As part of the planned deal, Kape will pay $95.5 million. Part of this will be paid in cash, Vox reports, and Kape is also planning to pay the $32.1 million in existing debt PIA has on the books.
With the planned merger acquisition Kape hopes to become a dominant force in the VPN industry.
“In one acquisition, I believe we have positioned Kape to fast become one of the leading digital privacy service providers in the world, empowering consumers to manage their own data and digital security,” Kape’s CEO Ido Erlichman comments.
PIA’s CEO Ted Kim is also pleased with the deal and notes that it will help to improve the digital privacy and security of PIA’s subscribers worldwide.
There are no changes planned in the short term. The Private Internet Access name will remain in use for now, just as Cyberghost and Zenmate are still using their original brands. However, the acquisition has raised questions among some users.
Some have pointed at Kape’s history. The company had previously operated under the name Crossrider and was active in the advertising space. Among other things, it installed toolbars with ‘potentially unwanted software.’ While the company has since switched to a focus on cybersecurity, this past has made some people suspicious.

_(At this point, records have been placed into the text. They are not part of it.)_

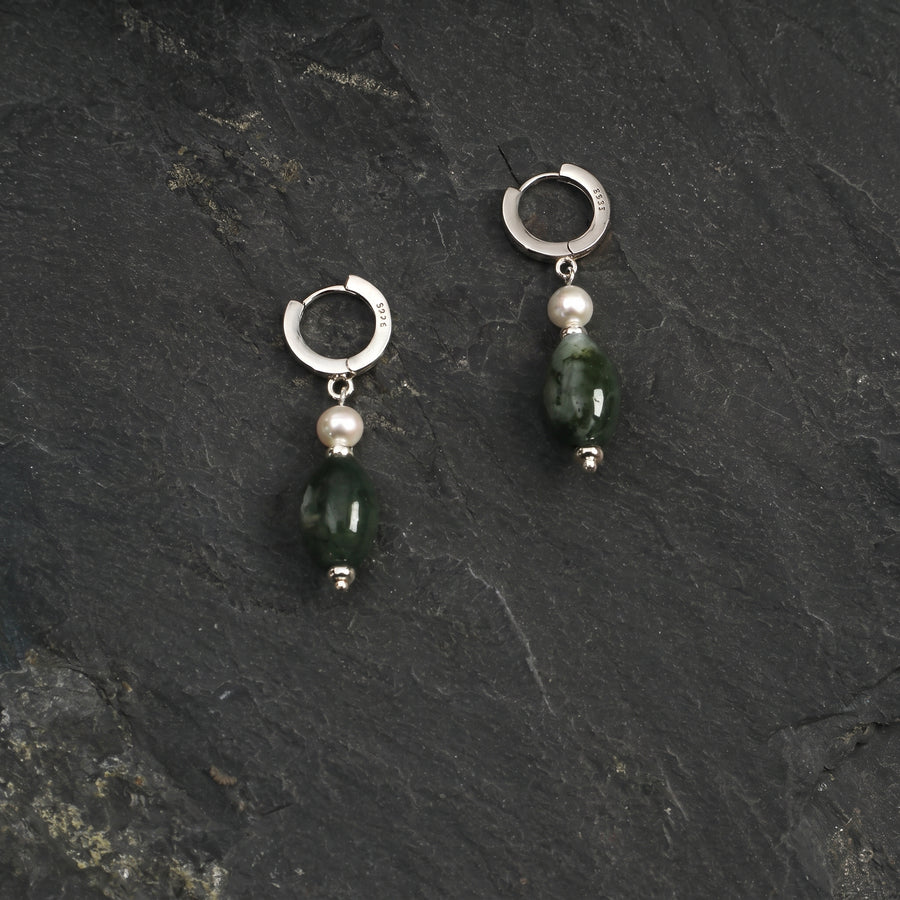 Moss Agate & Freshwater Pearl Drop Earrings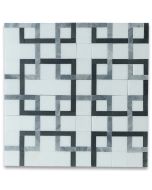 Thassos White Marble Square Mosaic Tile w/ Geometric Interconnected Black and Gray Links Honed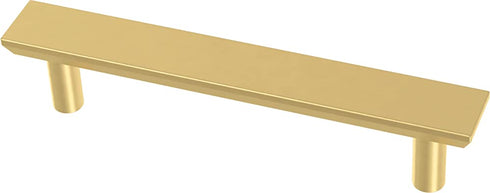 Franklin Brass P40845K-117-C Simple Chamfered Kitchen or Furniture Cabinet Hardware Drawer Handle Pull, 3-3/4-Inch (96mm), Brushed Brass, 10-Pack
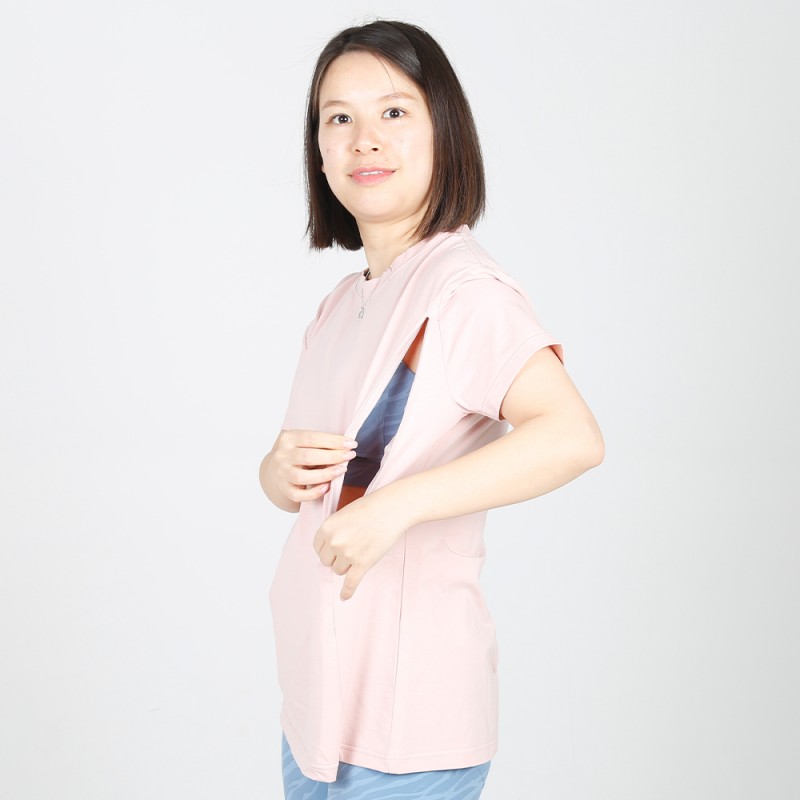 MN-T11 Wholesale Summer Maternity Bump Style Breastfeeding Tee 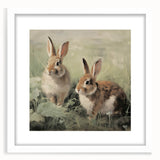 Vintage Animal Art: Rabbits in Grass – Retro Wildlife Illustration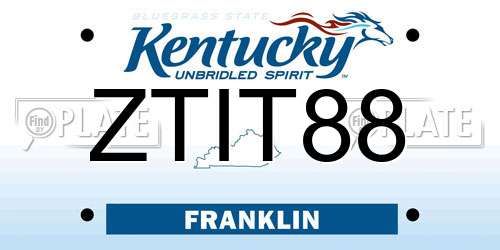 ZTIT88 Kentucky License Plate
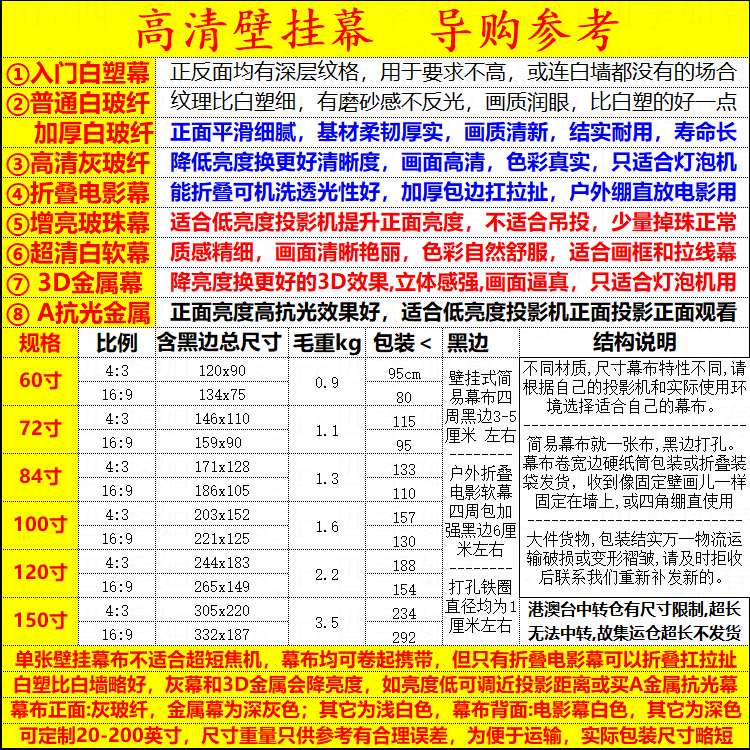 高清家用投影仪幕家家用投影布幕E布壁挂幕布投用布影120寸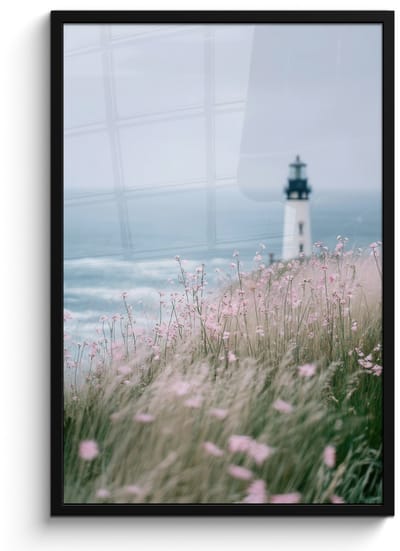 Poster in lijst - Fotolijst 60x90 cm - Posters - Vuurtoren - Klif - Zee - Bloemen - Posterlijst zwart - Decoratie - Wanddecoratie woonkamer - Muurdecoratie slaapkamer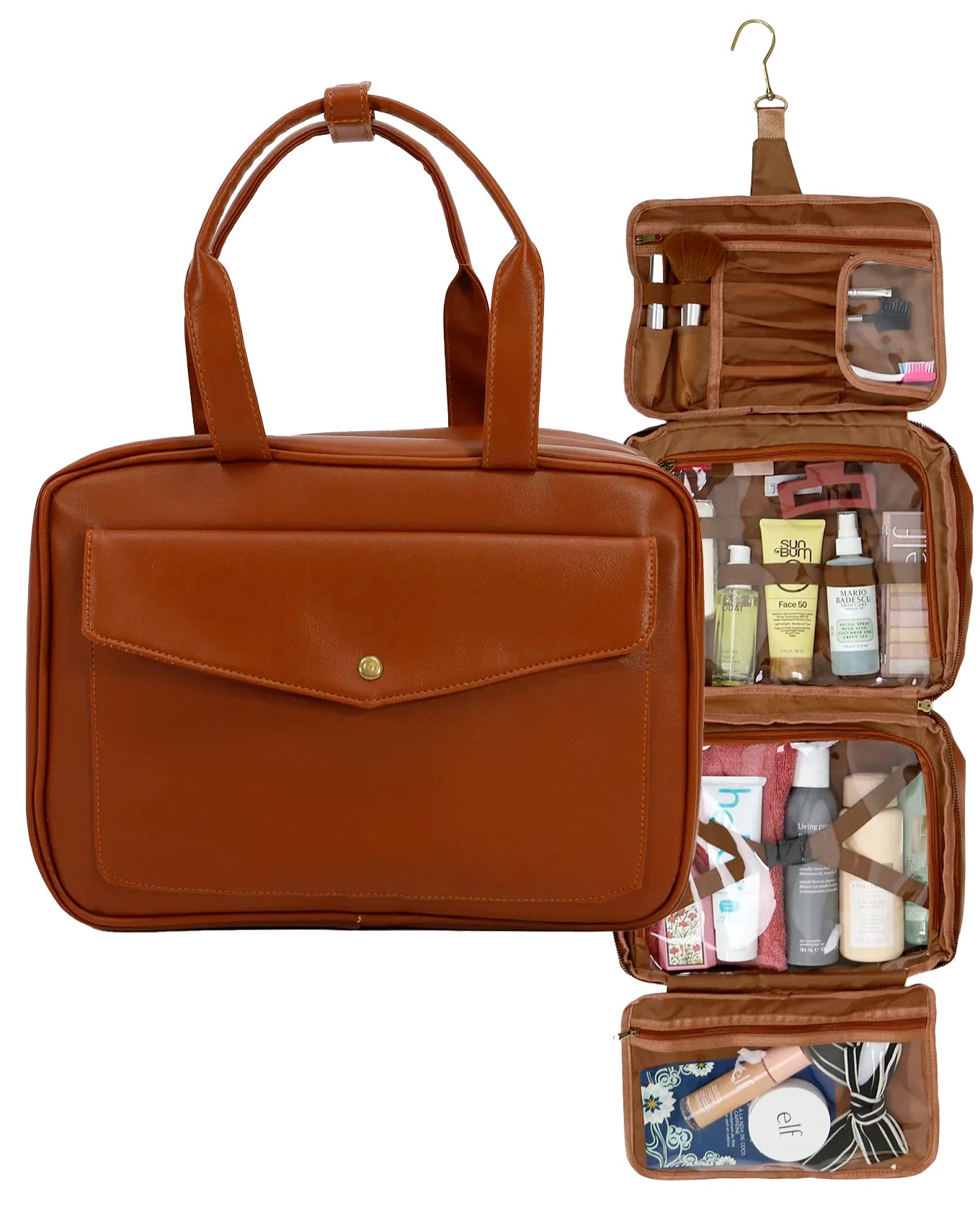 All-in-one Travel Toiletry Bag in Cognac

In an article addressing some of the questions, PIA assured its subscribers that its course is not going to change. According to Chief Communications Officer, Christel Dahlskjaer, privacy and security remain the top priority.
“From day one, we have been clear that your privacy is our policy and that the Private Internet Access VPN and our other privacy products exist to bring power to the people.
“The people are our stakeholders, and it is to you all, collectively, that we must remain accountable,” Dahlskjaer adds. She points out that PIA worked with Kape’s to establish a shared mission and guiding principles, which reflects the core values.
It’s inevitable that any corporate deal in the VPN industry will be watched closely and that’s a good thing. VPN providers rely on trust and should be judged by their actions. The company that protects its customers the best way it can, will ultimately be the most successful.
PIA believes that, by teaming up with Kape, it has the best shot at achieving this goal and asks users to give it the time to prove itself.
Disclaimer: PIA is one of our sponsors. This article was written independently, as all of our articles are. We generally don’t report on VPN business news but felt that it was good to mention this development.